Speaking about the agency’s commitment to working collaboratively with various stakeholders, Kerilkowske used the Chamber address as an opportunity to announce the newest slate of appointments to the Commercial Operations Advisory Committee (COAC), a 20 member consultative body comprised of industry experts selected from representatives of the trade and transportation community. The customs chief also described the leadership role CBP plays in the new Border Interagency Executive Council, which brings together senior officials to examine and improve the import/export process across the U.S. government, in addition to efforts being made to enhance the working partnerships between CBP and other key federal entities involved in the trade process, such as the Food and Drug Administration and the Consumer Products Safety Commission.
Looking beyond the U.S. border, Kerilkowske stated that the CBP is “setting the example for global supply chain security standards and enforcement” and described how it is furthering this aim thorough its active leadership role in international bodies like the World Customs Organization where it is helping to advance global initiatives such as Mutual Recognition Arrangements which align supply chain security protocols between participating countries. Kerilkowske also touched briefly on new facility upgrades and security agreements at the northern and southern borders such as the reciprocity accord between Mexico’s Nuevo Esquema de Empresas Certificadas (NEEC) trusted shipper initiative and the U.S. C-TPAT program, as well as the recently signed Preclearance agreement between Canada and the U.S. made in accordance with the 2011 Beyond the Border Action Plan.

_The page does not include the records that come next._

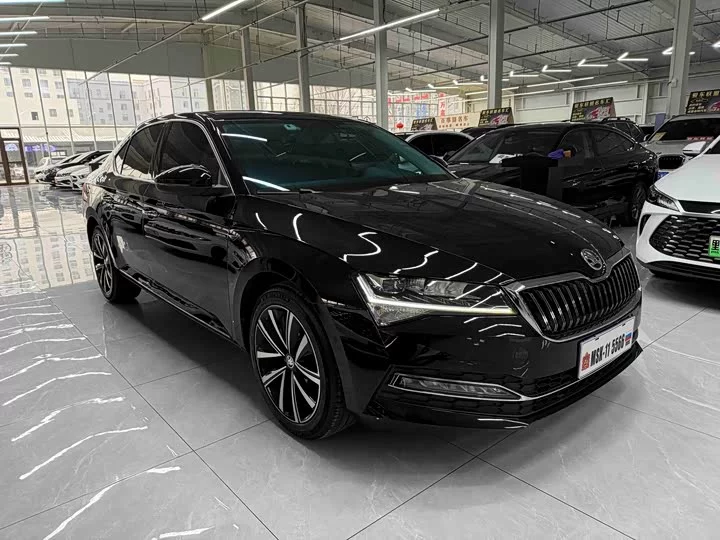Skoda SuperB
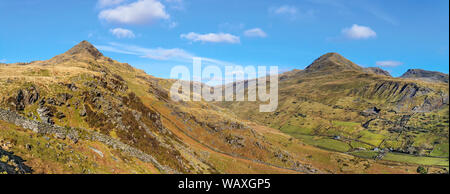 Vista panoramica del monte Cnicht sinistra attraverso Cwm Croesor a Moelwyn Mawr e Moelwyn Bach montagne Snowdonia National Park North Wales UK Marzo 2018 Foto Stock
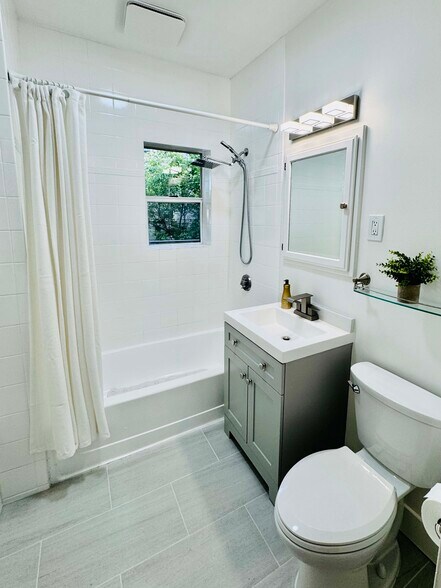 Building Photo - 39 Parkton Rd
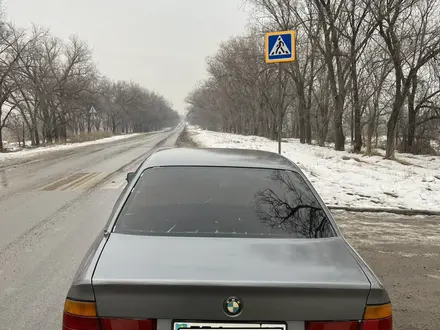 BMW 525 1990 года за 930 000 тг. в Алматы – фото 3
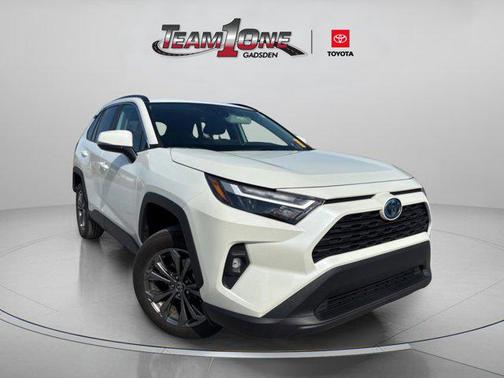 2022 Toyota RAV4 Hybrid XLE Premium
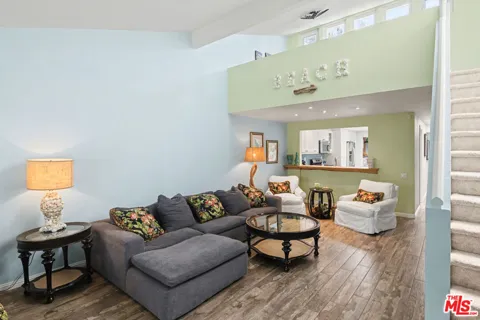 19525 Starfish Lane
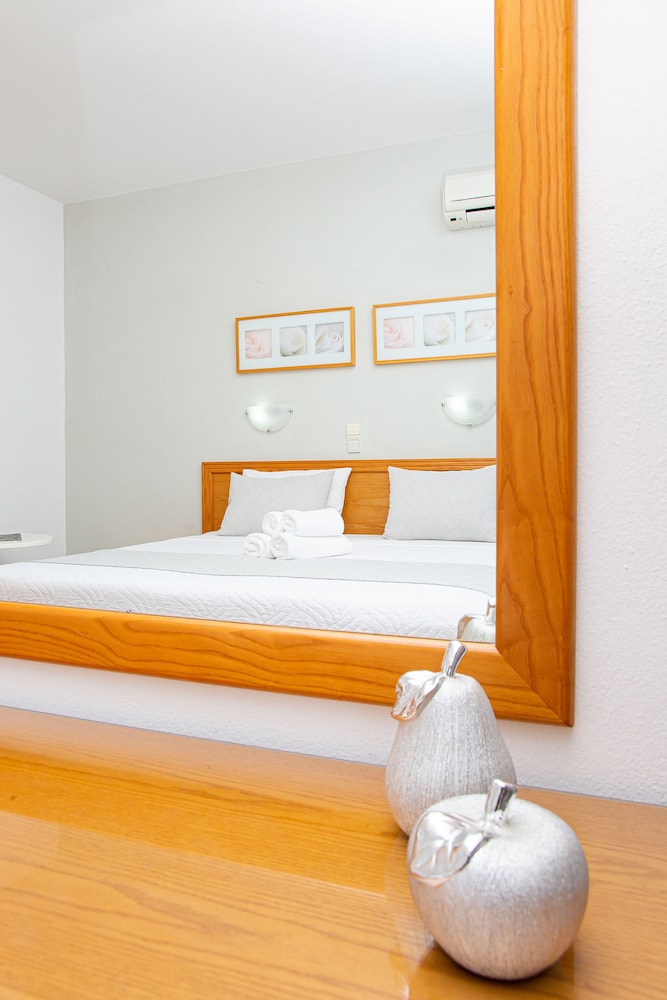 Villa Mare Monte — Hotel rooms in Malia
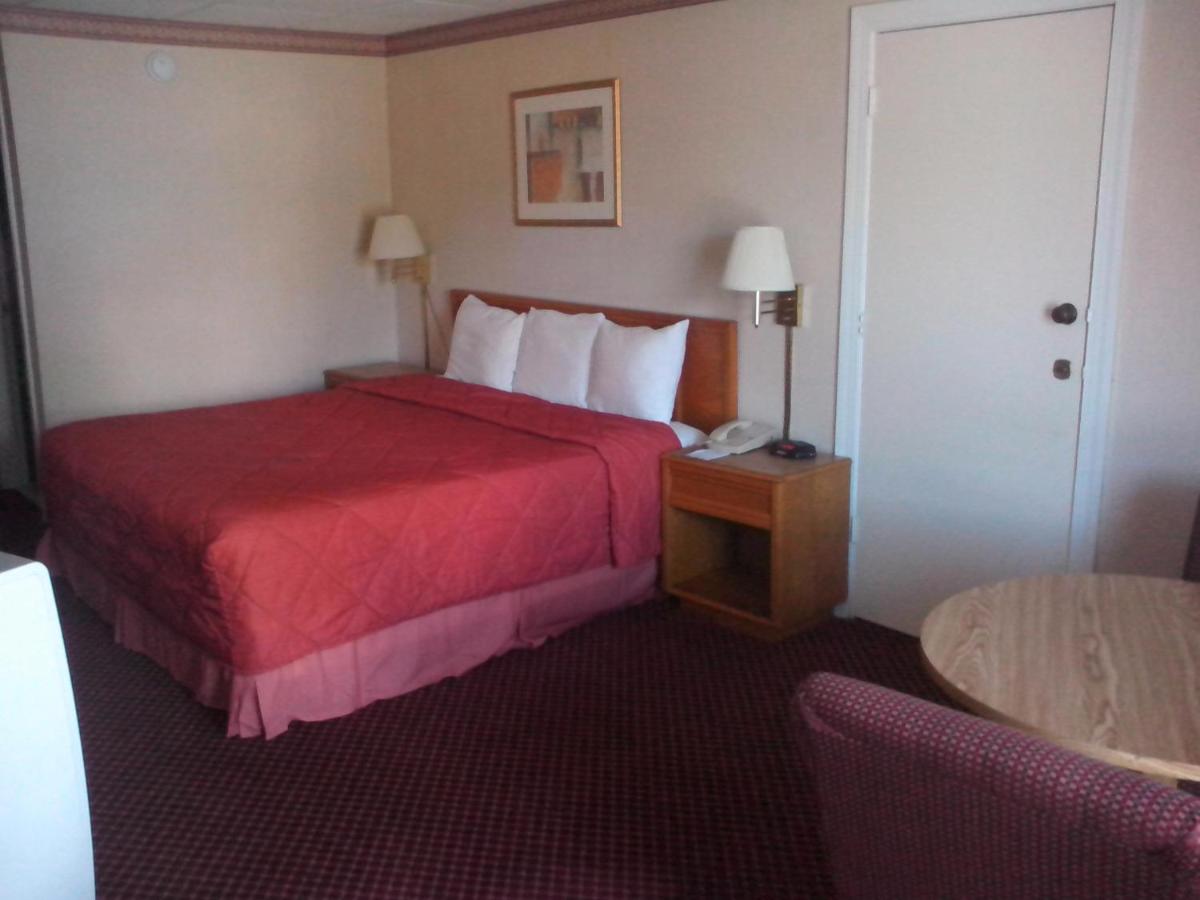 Regency Inn — photo 24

Kerilkowske wrapped up his address by reaffirming the CBP’s dedication to modernizing its operations and becoming a more “agile organization” in the future, one better positioned to helping American businesses boost the economy by facilitating lawful trade and removing unnecessary supply chain barriers. Importantly though, just prior to his concluding remarks, the commissioner briefly mentioned two critical aspects of CBP operations “where we need additional focus” in preparation for the future – specifically, trade enforcement and regulatory review.
The latter topic Kerilkowske said is “a complex and time-consuming discussion, but an invaluable one.” Beyond that however, the commissioner did not elaborate other than to indicate that the agency is currently “examining ways to review our existing regulations and regulatory process.” With regards to trade enforcement, Kerilkowske noted that while “trade penalty assessments have increased by 140 percent from $385.4 million in Fiscal Year 2011 to $925.9 million in Fiscal Year 2014,” and “incredible strides” have been made in training and targeting techniques, the agency’s compliance mandate “could benefit from improved transparency and responsiveness to our private sector partners.”